By Dany Recio
Other Side Drive October 11, 2012
Pete Townshend was one the founding members of the Who and was responsible for more than one-hundred songs throughout their eleven album career. He dropped out of college to pursue music and became one of the world’s most iconic artists. Earlier this week at the age of 67 he released his Memoir “Who I Am.” It is the recollection of his life: through his childhood, the years with The Who, and beyond. The significance of his memoir can be highlighted by the fact that it will delve into the early years of the Who; a period of time when Rock and Roll began to take the shape of what we know it as today.
Pete formally created the Who when he and bassist John Entwistle recruited singer (Roger Daltrey) and Drummer (Doug Sandom) for rhythm and blues group. The group originally named The Detours soon changed their name after they replaced Sandom with the animated Kieth Moon. Who approached Daltry and told him that he was a better drummer than the one they had. They decided to try him and Pete Townshend described his experience of first hearing Moon play drums as “it was like listening to a jet-engine take off…” Moon solidified the line-up for the Who and they went on to record many successful singles and a slew of albums; both, popular and conceptual.
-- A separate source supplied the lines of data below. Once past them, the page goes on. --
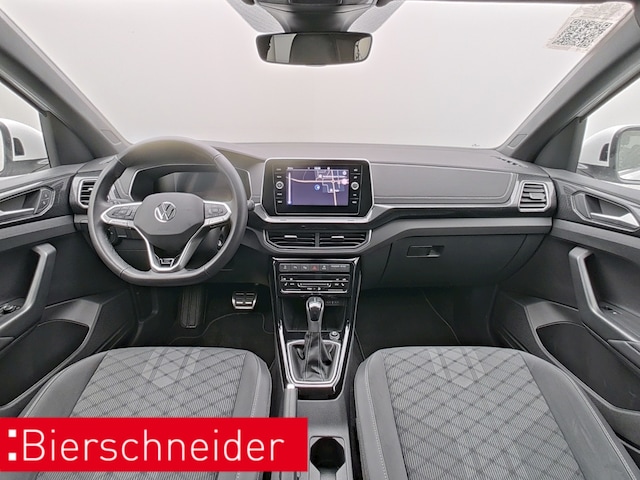 Volkswagen T-Cross 1.0 TSI DSG R-Line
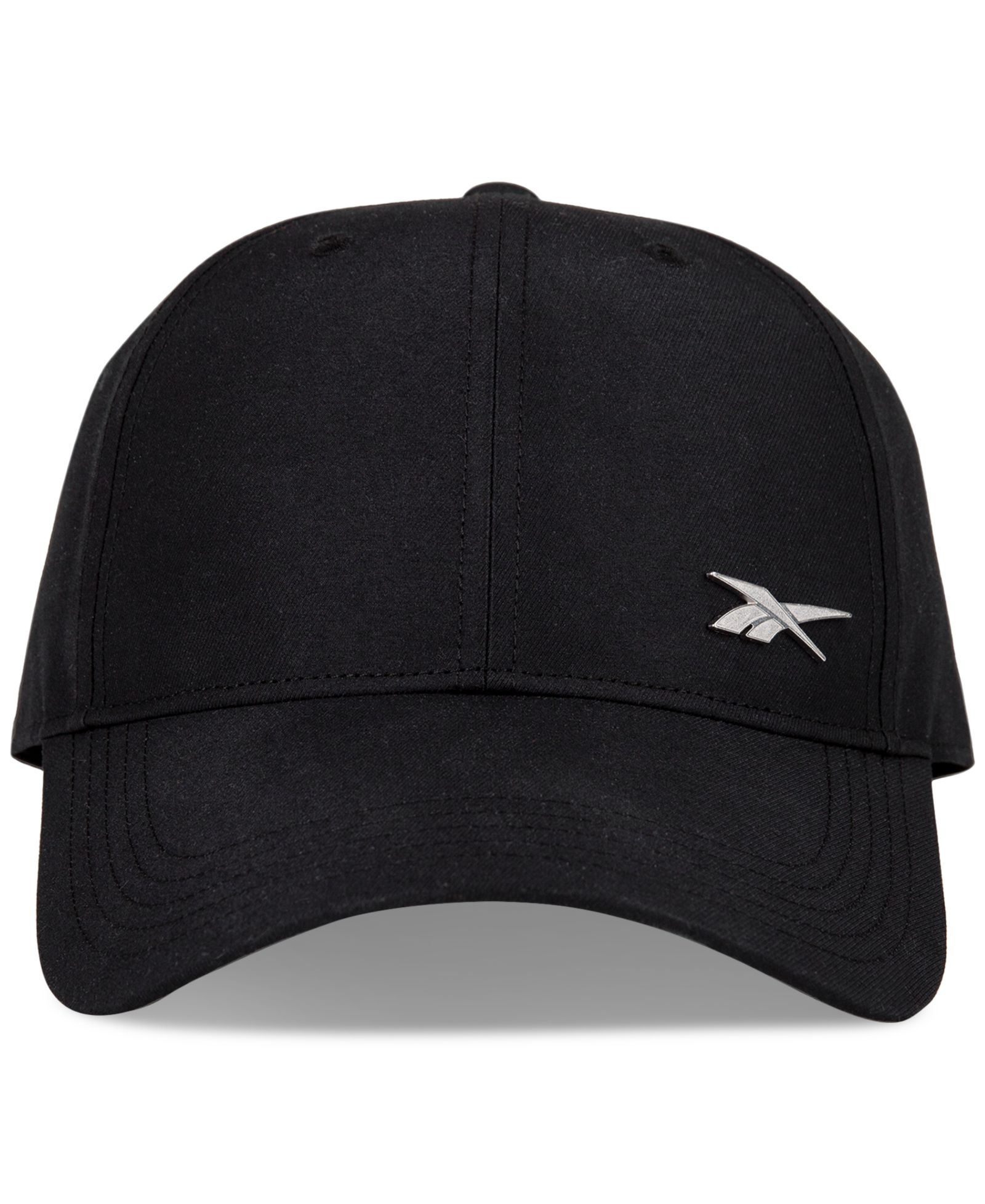 Reebok Men's Adjustable Back Badge Logo Cap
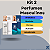 Kit 2 Perfumes Moments Paris Aquatic Blue + Acqua Boy 15ml - Imagem 2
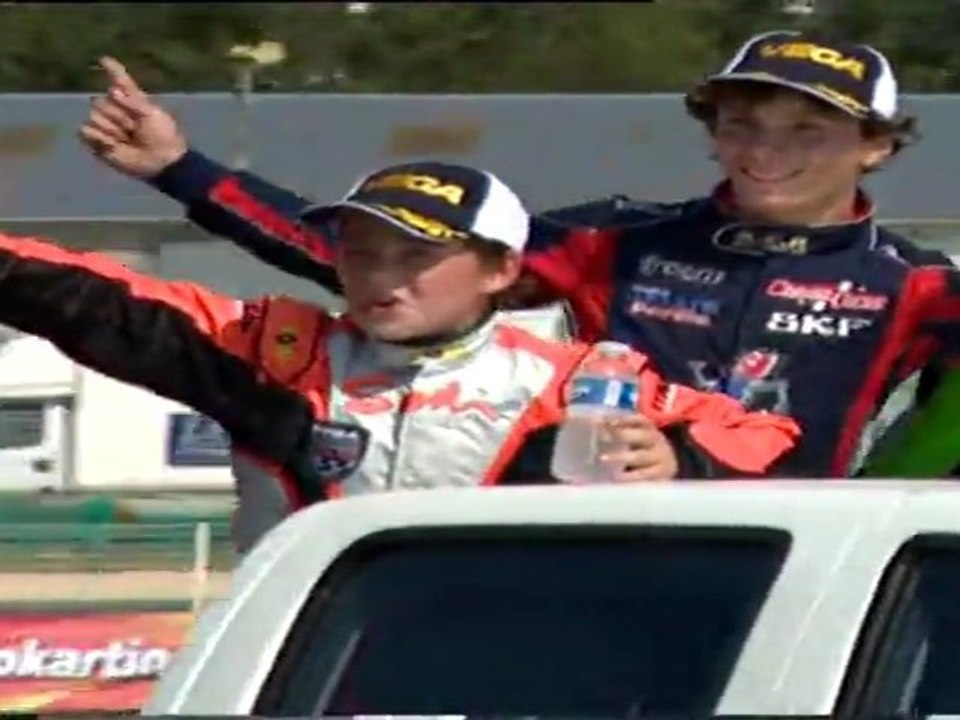 Karting - GPO Laval - KF3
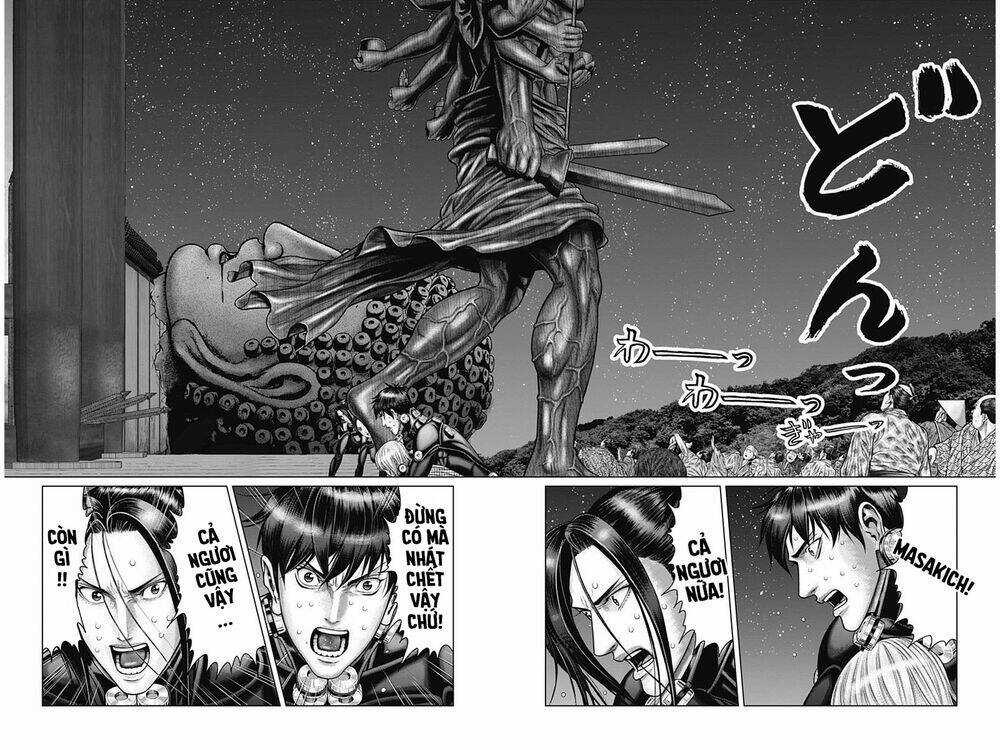 Gantz Edo Chapter 37 trang 5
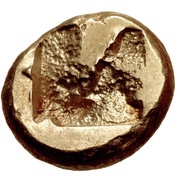 Hekte, Greece (ancient), 625 BC - 522 BC reverse image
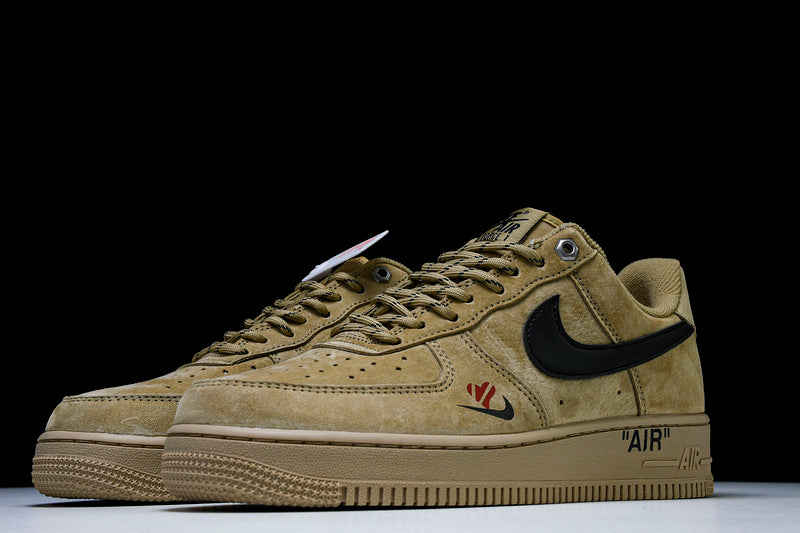 AIR FORCE 1 LOW 07 BROWN/BLACK
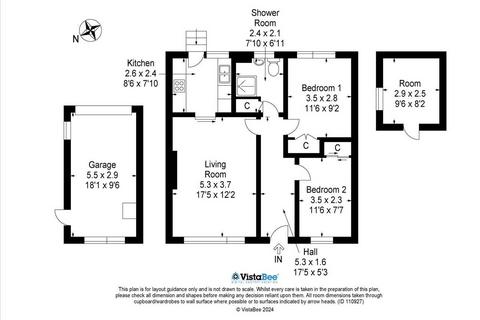 2 bedroom terraced house for sale, Bonnyton Drive, Eaglesham, EAGLESHAM
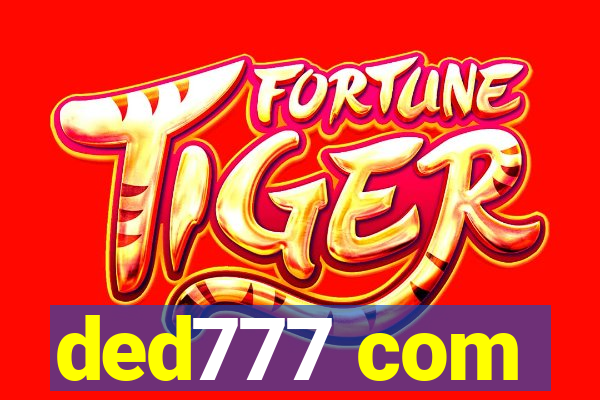 ded777 com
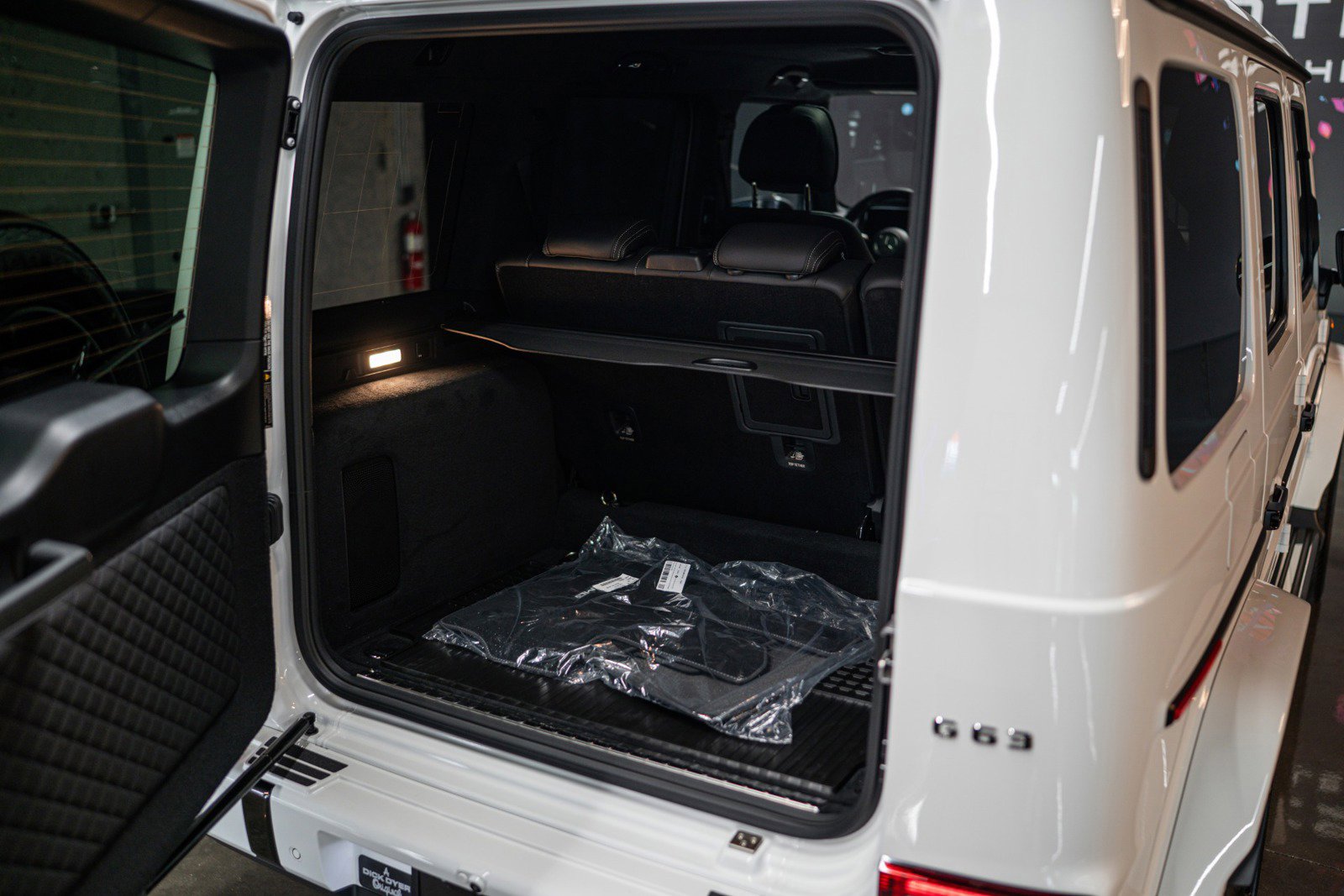 Used 2026 Mercedes-Benz G 63 AMG 4MATIC image 27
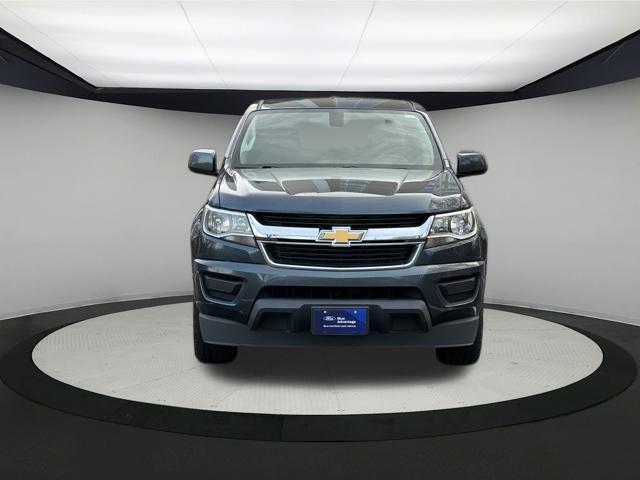 used 2020 Chevrolet Colorado car, priced at $16,677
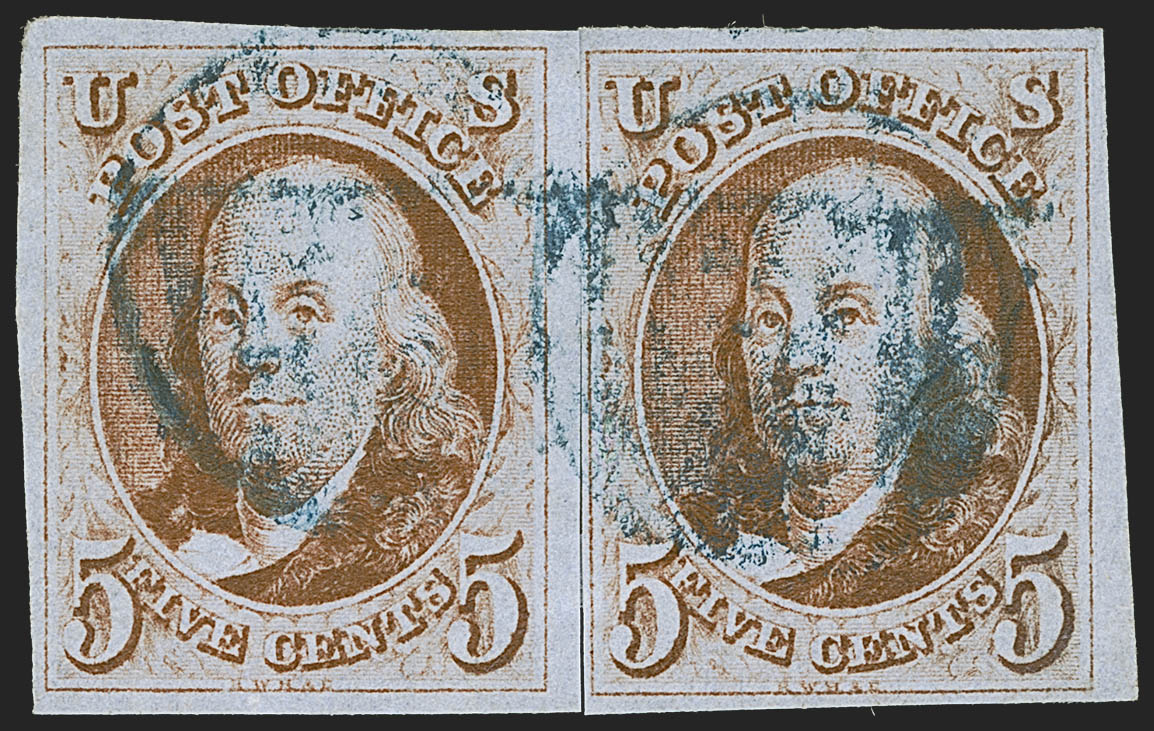 Sale no. 1262 — Lot no. 613 — Siegel Auction Galleries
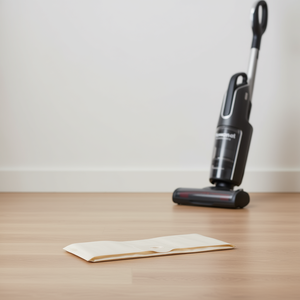 5 Bolsas de Papel Compatibles para Aspiradora Rowenta RW 4 Elettrocasa con Aspiradora Original - Product Image 3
Townshend wrote much of the Who’s material and he had quite a talent for writing for popular songs and creating elaborate rock opera’s. In the early years of the Who, he would push the limits of Blues and Rock; with fast-paced riffs and solos. His live presence also cemented him into the music world as formidable artist. In 1964, he accidentally broke his guitar on the low ceiling of the venue where they were performing. Rather than halting the performance he continued to smash it into pieces and continued the song with another guitar. This moment became a regular performance piece in the Who’s live show. Many other artists would imitate
Townshend including Jimmy Hendrix; who became good friends with the Who after their performance at Woodstock. Townshend was also one of the first artists to experiment with synthesizers in the 70’s. He created the long intro to the song Teenage Wasteland. Much of his work can be illustrated in how he always pushed himself creatively. He stretched the limits of what he could imagine to create his art. Pete Townshend is a legend of Rock. Helping cement its sound and it’s place in history.
From the Other Side I’m Dany Recio with Revolutions.